La Guinée semble s'enfoncer dans l'instabilité. Au moins cinq manifestants et un gendarme ont été tués lundi dans des heurts entre les forces de sécurité massivement déployées dans la capitale Conakry et des milliers d'opposants à un éventuel troisième mandat de l'actuel président Alpha Condé, rapporte l'AFP dans un dernier bilan. Alors que le pays compte encore ses morts, les sources surgissent de toutes parts, rendant difficile le travail de vérification des chiffres tant les images et les vidéos circulent rapidement de plusieurs endroits à l'intérieur du pays et à l'extérieur aussi.

Appel à manifester

Ce que l'on sait, c'est que des milliers de Guinéens sont descendus dans les rues lundi et mardi à l'appel d'un collectif d'opposition et de la société civile. D'après de nombreux témoignages publiés sur les réseaux sociaux ou les médias, des violences ont émaillé les différents cortèges. L'Agence France-Presse relate que « des centaines de jeunes très mobiles ont érigé des barricades, brûlé des pneus et lancé des pierres sur les policiers et gendarmes à nouveau massivement déployés à Cosa, Koloma ou encore Bambéto, quartiers périphériques de la capitale et fiefs de l'opposition ». Ajoutant que le bilan « des heurts s'est encore alourdi, passant à cinq manifestants tués après la mort d'un chauffeur de 27 ans, atteint par balle à l'abdomen, selon le médecin qui l'a traité et son père ». Les autorités ont fait état, elles, de deux morts, dont un gendarme.

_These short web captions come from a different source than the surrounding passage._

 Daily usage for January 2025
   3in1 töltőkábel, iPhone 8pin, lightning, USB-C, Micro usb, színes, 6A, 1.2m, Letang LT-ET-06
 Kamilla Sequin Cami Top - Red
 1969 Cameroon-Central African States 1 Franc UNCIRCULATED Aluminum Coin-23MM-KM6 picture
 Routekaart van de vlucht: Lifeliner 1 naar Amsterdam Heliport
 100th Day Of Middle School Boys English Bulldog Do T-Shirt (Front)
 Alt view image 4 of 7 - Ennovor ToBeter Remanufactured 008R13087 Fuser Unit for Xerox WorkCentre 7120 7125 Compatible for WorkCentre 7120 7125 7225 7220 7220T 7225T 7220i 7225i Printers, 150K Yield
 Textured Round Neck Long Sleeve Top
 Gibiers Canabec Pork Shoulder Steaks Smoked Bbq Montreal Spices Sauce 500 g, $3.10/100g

En effet, le gouvernement avait prévenu qu'il ne céderait « pas le moindre centimètre carré au règne de l'anarchie ». Le ministre de l'Intérieur, le général Bouréma Condé, a indiqué que la mobilisation s'était limitée à « quelques regroupements et échauffourées ». Plusieurs personnes ont été arrêtées et « les forces de l'ordre maîtrisent globalement la situation », a-t-il dit dans un communiqué. Et pourtant c'est une tout autre histoire que racontent plusieurs Guinéens.

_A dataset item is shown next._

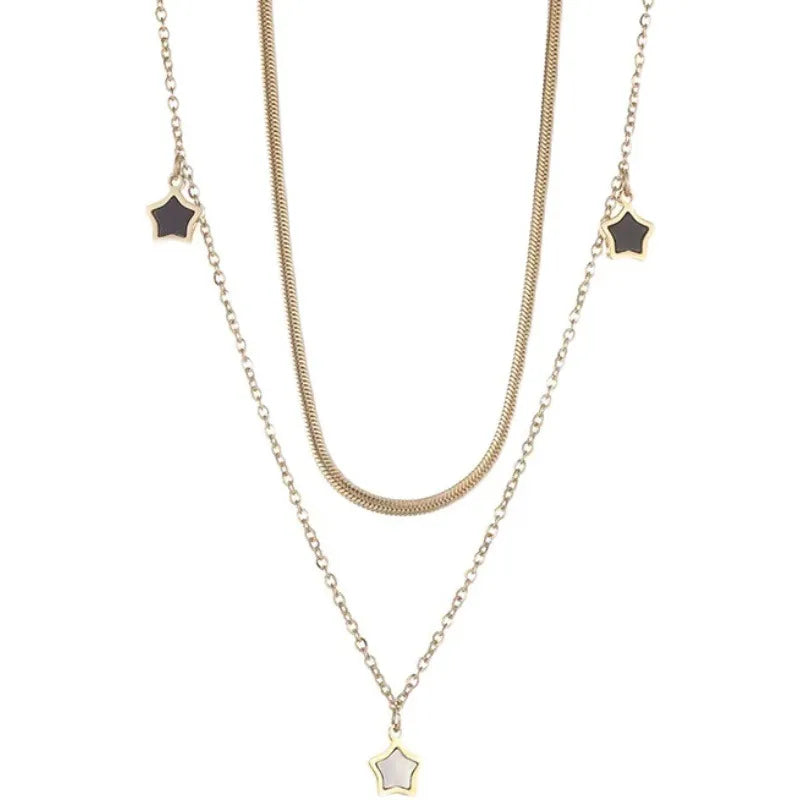 Star 304 Stainless Steel Acrylic 18K Gold Plated Stainless Steel Necklace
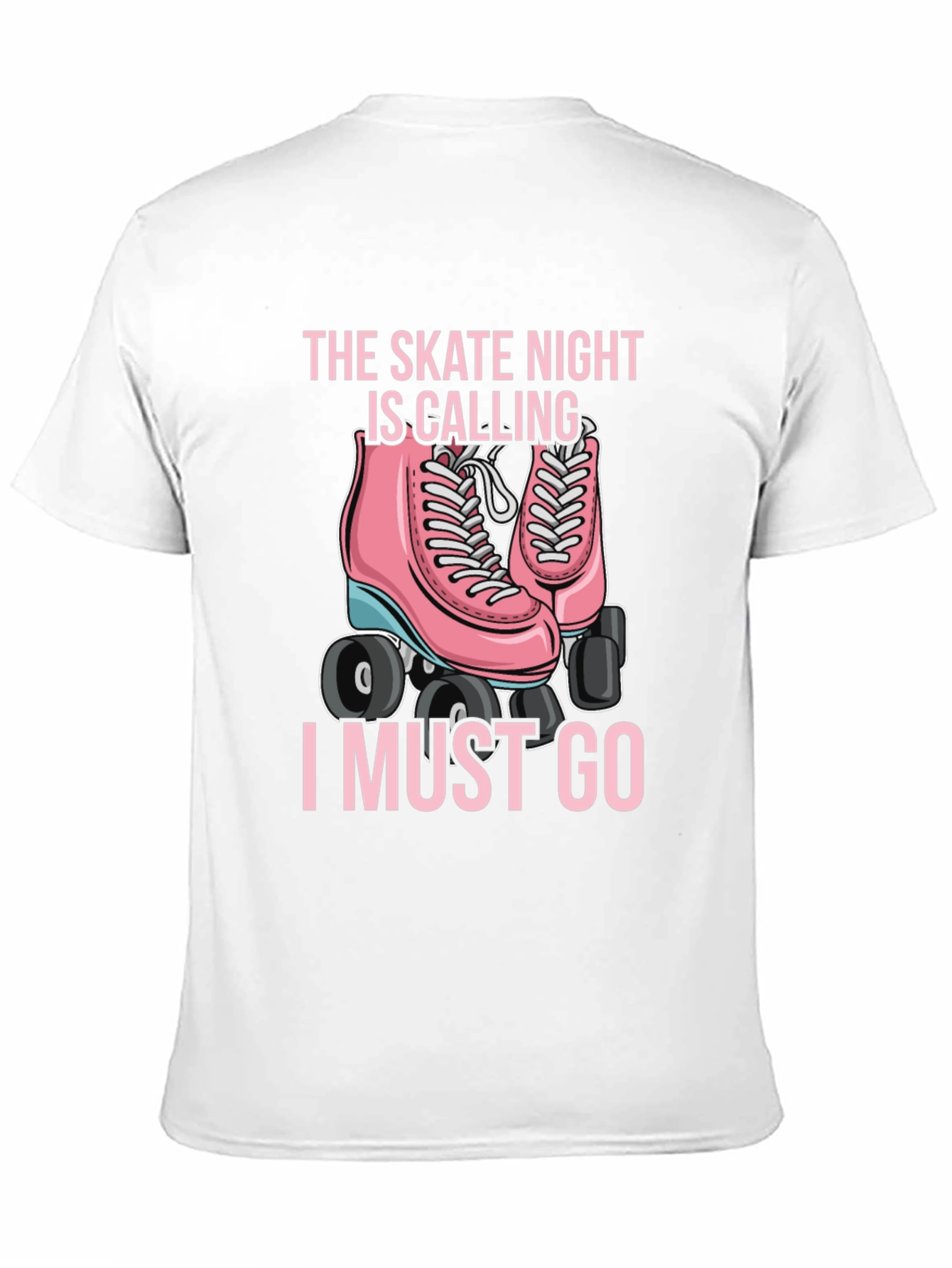 Black Skate Night Calling T-Shirt - Pink Roller Skate Graphic view 11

« Comme d'habitude, des forces de sécurité ont débarqué à Conakry en partance de Kindia pour aller réprimer les manifestants à Conakry, plus particulièrement dans la banlieue de la commune de Ratoma, Hambdallaye, Bambéto, Cosa, Sonfonia, etc. Il faut également souligner que les acteurs politiques sont confinés chez eux par la police et la gendarmerie ; des acteurs de la société civile (membre du Front national pour la défense de la Constitution (FNDC), dont Abdourahmane Sano (coordinateur de la PCUD et du FNDC) ; Sékou Koundouno (coordinateur du Balai Citoyen), Alpha Soumah (Bill de Sam, membre de l'UFR), Ibrahima Diallo, Badra Koné (2e vice-maire de la commune de Matam, Malal Diallo (l'un des responsables du mouvement politique MoDeL, Élie Kamano (artiste) ont été arrêtés manu militari dans leurs domiciles pour certains, et d'autres lors des manifestations. Tout cela, sans compter les jeunes manifestants arrêtés à Conakry et à l'intérieur du pays », explique au Point Afrique Bah Oumar Rafiou, un agent administratif membre actif de la société civile actuellement basé en Belgique. Photos et vidéos reçues depuis son pays d'origine, ce dernier a confié que les Guinéens se préparaient depuis un long moment à de telles actions.

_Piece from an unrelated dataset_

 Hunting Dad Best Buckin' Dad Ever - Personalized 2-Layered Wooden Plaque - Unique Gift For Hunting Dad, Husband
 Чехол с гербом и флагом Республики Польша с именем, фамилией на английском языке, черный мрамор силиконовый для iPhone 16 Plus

« Lors de son dernier séjour aux États-Unis, le chef de l'État, Alpha Condé, avait exprimé sa volonté de changer la Constitution en appelant ses militants à se préparer pour le référendum et les législatives, alors qu'il avait instruit son Premier ministre à mener des consultations afin de donner l'opportunité aux acteurs politiques, organisations de la société civile et syndicats d'exprimer leurs avis sur la Constitution », poursuit-il. « Mais les principaux acteurs politiques ont refusé de participer parce qu'ils estiment que c'est légitimer un projet qu'ils considèrent être une farce », conclut-il.

Éventuel troisième mandat

En effet, la tension n'a cessé de monter depuis l'appel à la manifestation lancé il y a une semaine par le Front national pour la défense de la Constitution (FNDC). Cette coalition rassemblant des partis d'opposition, des syndicats et des membres de la société civile s'oppose résolument à une révision de la Constitution évoquée par le pouvoir. Elle permettrait à Alpha Condé de se présenter pour un troisième mandat, alors que la Constitution en limite le nombre à deux.

L'opposition s'attend à ce qu'il officialise bientôt la tenue d'un référendum constitutionnel. Elle dénonce un projet de coup d'État institutionnel et la dérive « dictatoriale » de celui qui fut lui-même un opposant historique ayant connu la prison pour son engagement contre différents régimes autoritaires, avant de devenir le premier président démocratiquement élu de cette ex-colonie française d'Afrique de l'Ouest.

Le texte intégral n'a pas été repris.